With images removed, return the whole listing exactly as written.

-------------------------

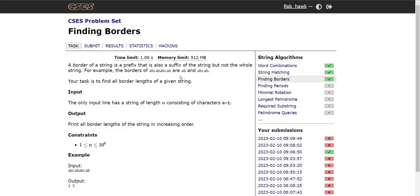Hello everyone. In this video lecture we shall solve this problem — finding borders — which is the third problem of the string algorithm set.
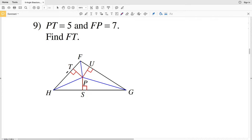In this video we're continuing on with angle bisectors of triangles worksheet on the CUDA software website. You can find this free worksheet within the geometry section, and I'll leave a link in the description below. Remember, if you pick a point along an angle bisector, it is the same distance from one side that it bisects to the other side that it bisects.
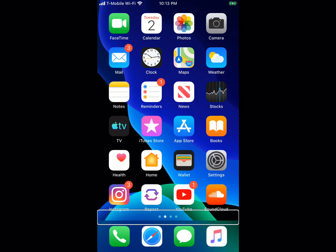Yo guys, Tian here. Welcome back to another video. iOS 13 Beta 3 was released today alongside iPadOS Beta 3. iPadOS Beta 3 did not have a lot of changes — the changes were mainly with the iPhone — but since iPadOS is based on the same foundation that iOS is built on, you're going to see a lot of these changes on the iPad.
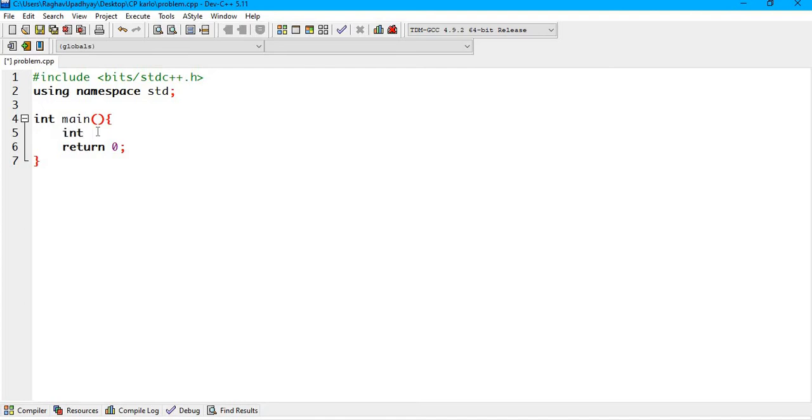Let's write a code to sort a given jumbled array. The data type will obviously be an integer and I am going to name my array as arr. And I'm going to hard code the value of the array as 5.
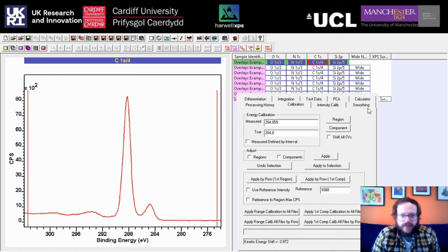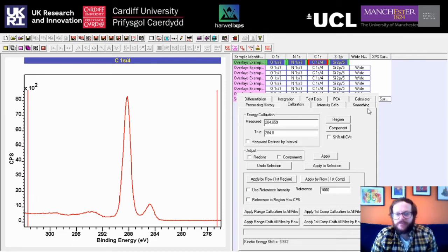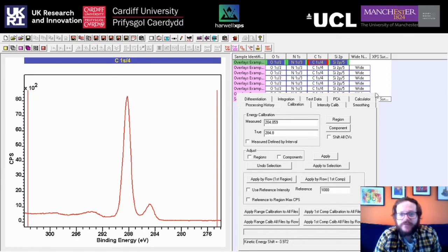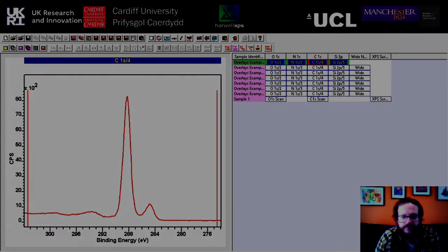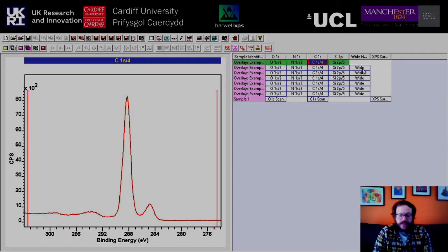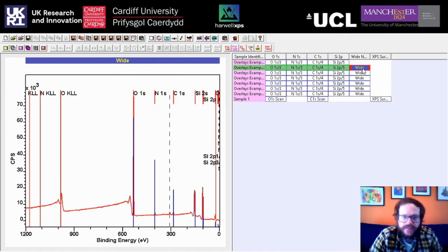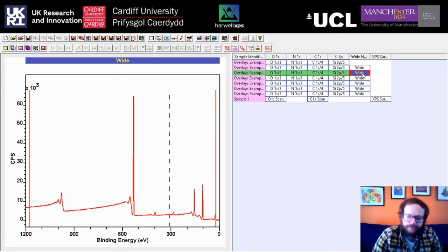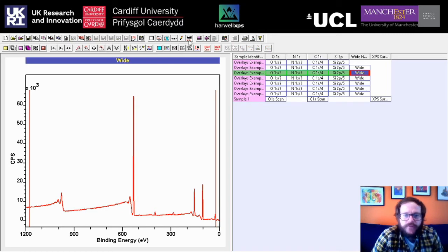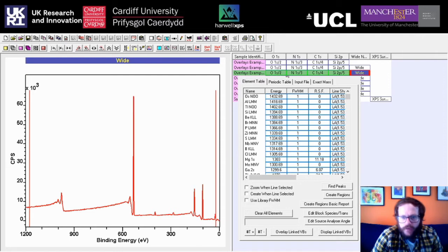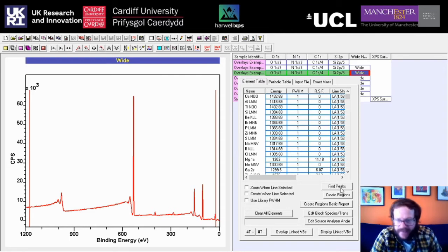For a more detailed discussion on calibration, check out one of our other YouTube videos. One of the first things we can do to process data is to look at the wide scans. If you go to the Library option or press F10, you'll find some tools including one called Find Peaks. Click on that and the software will automatically try to determine which elements are present based on the peaks it can detect in your spectrum.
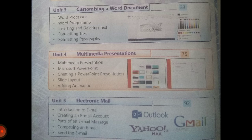Unit number 4 is multimedia presentations. This is also an application of Microsoft Office — that is PowerPoint. In this unit we will study what is multimedia presentation, Microsoft PowerPoint, creating a PowerPoint presentation, slide layout, and adding animations. In this section we will also be creating a basic game that can be played by anyone, and you have to create your own game.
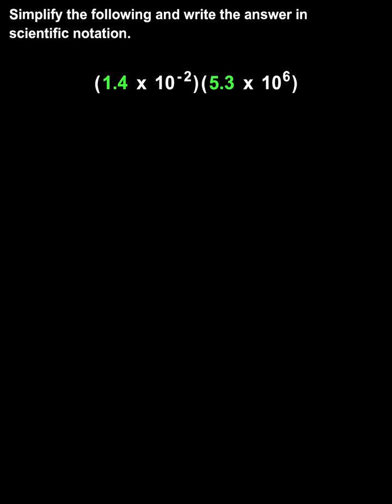we first multiply the decimals, in this case 1.4 times 5.3, to get 7.42.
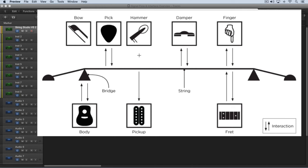The frequency that the string vibrates at or oscillates at is determined by the length of the string, and that's controlled, like on a guitar, by the interaction of the finger and the fretboard. So that shortens or lengthens the length of the string that's resonating, and we can control all this within String Studio VS2.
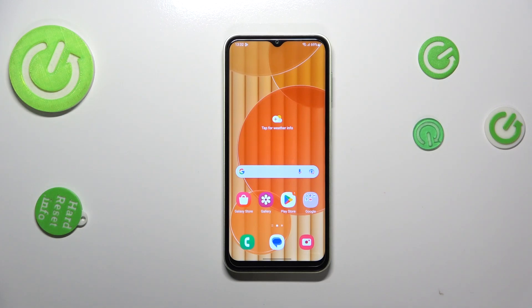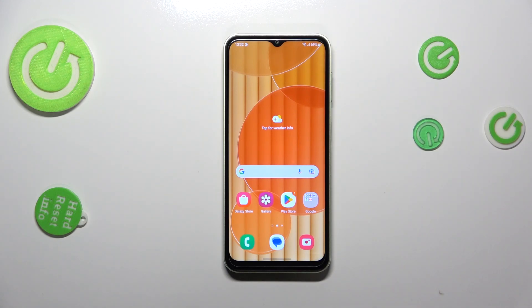Hi everyone, in front of me I've got the Samsung Galaxy M14, and let me share with you how to change the video resolution on this device.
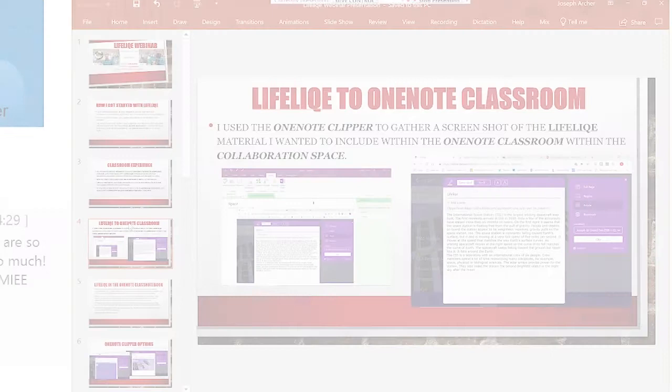And right now I'd like to pass the mic to Joe Archer, who's going to share with us how to actually use Lifelike with OneNote into the OneNote classroom.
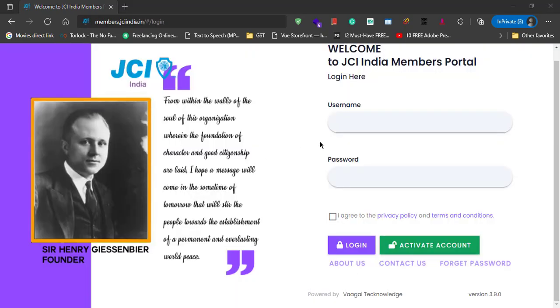This is the homepage of JCI India Members portal. Before you login, first you have to activate your account. Activating is pretty simple. All you have to do is click on Activate Account.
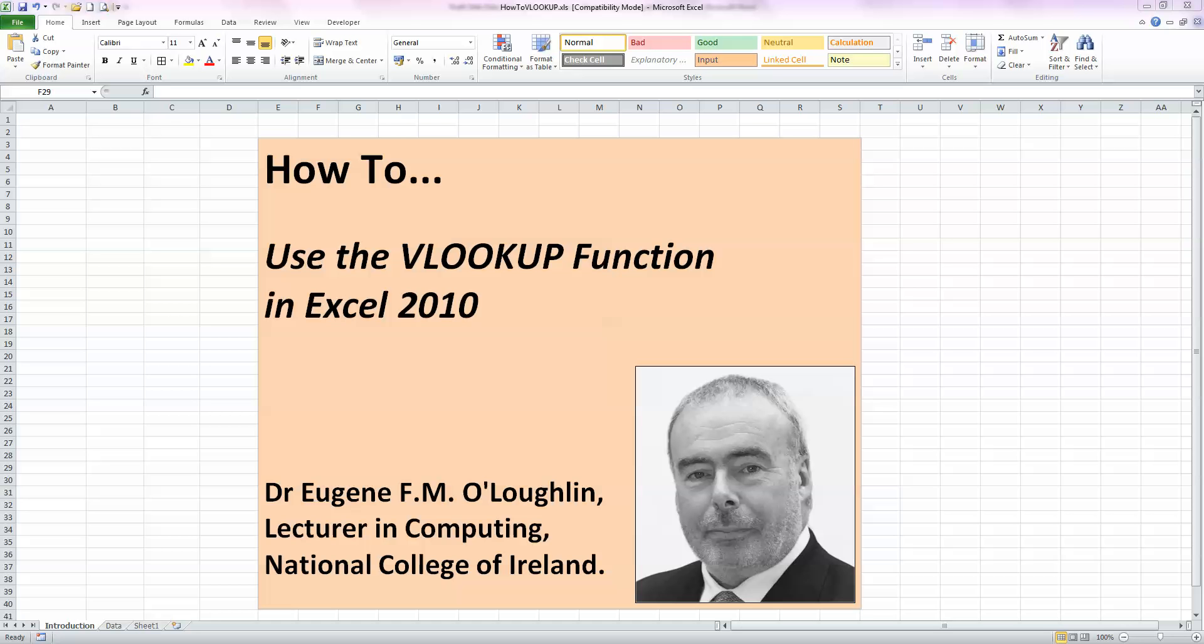Hi everybody, this is Eugene O'Loughlin, lecturing Computing at the National College of Ireland, and welcome to my series of short how-to videos. In this video, we're going to learn how to use the VLOOKUP function in Excel 2010.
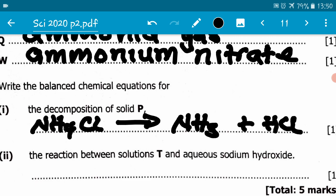Let's inspect. We've got one nitrogen — one nitrogen. One chlorine — one chlorine. Four hydrogens on the left: three plus one equals four hydrogens on the right. So the equation is already balanced, hence the one mark. Then we go to B2.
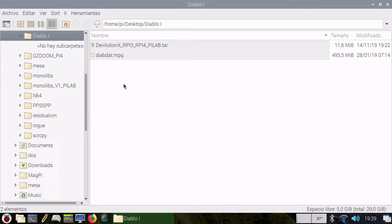Hello guys, today I will show you how to install DevolutionX, which is a Diablo 1 open-source implementation.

-------------------------

SOLUTION FOR THIS PROBLEM:
Hello everyone. In this video lecture we shall solve this problem — finding borders — which is the third problem of the string algorithm set.
In this video we're continuing on with angle bisectors of triangles worksheet on the CUDA software website. You can find this free worksheet within the geometry section, and I'll leave a link in the description below. Remember, if you pick a point along an angle bisector, it is the same distance from one side that it bisects to the other side that it bisects.
Yo guys, Tian here. Welcome back to another video. iOS 13 Beta 3 was released today alongside iPadOS Beta 3. iPadOS Beta 3 did not have a lot of changes — the changes were mainly with the iPhone — but since iPadOS is based on the same foundation that iOS is built on, you're going to see a lot of these changes on the iPad.
Let's write a code to sort a given jumbled array. The data type will obviously be an integer and I am going to name my array as arr. And I'm going to hard code the value of the array as 5.
For a more detailed discussion on calibration, check out one of our other YouTube videos. One of the first things we can do to process data is to look at the wide scans. If you go to the Library option or press F10, you'll find some tools including one called Find Peaks. Click on that and the software will automatically try to determine which elements are present based on the peaks it can detect in your spectrum.
Unit number 4 is multimedia presentations. This is also an application of Microsoft Office — that is PowerPoint. In this unit we will study what is multimedia presentation, Microsoft PowerPoint, creating a PowerPoint presentation, slide layout, and adding animations. In this section we will also be creating a basic game that can be played by anyone, and you have to create your own game.
we first multiply the decimals, in this case 1.4 times 5.3, to get 7.42.
The frequency that the string vibrates at or oscillates at is determined by the length of the string, and that's controlled, like on a guitar, by the interaction of the finger and the fretboard. So that shortens or lengthens the length of the string that's resonating, and we can control all this within String Studio VS2.
Hi everyone, in front of me I've got the Samsung Galaxy M14, and let me share with you how to change the video resolution on this device.
And right now I'd like to pass the mic to Joe Archer, who's going to share with us how to actually use Lifelike with OneNote into the OneNote classroom.
This is the homepage of JCI India Members portal. Before you login, first you have to activate your account. Activating is pretty simple. All you have to do is click on Activate Account.
Hi everybody, this is Eugene O'Loughlin, lecturing Computing at the National College of Ireland, and welcome to my series of short how-to videos. In this video, we're going to learn how to use the VLOOKUP function in Excel 2010.
Let's inspect. We've got one nitrogen — one nitrogen. One chlorine — one chlorine. Four hydrogens on the left: three plus one equals four hydrogens on the right. So the equation is already balanced, hence the one mark. Then we go to B2.
Hello guys, today I will show you how to install DevolutionX, which is a Diablo 1 open-source implementation.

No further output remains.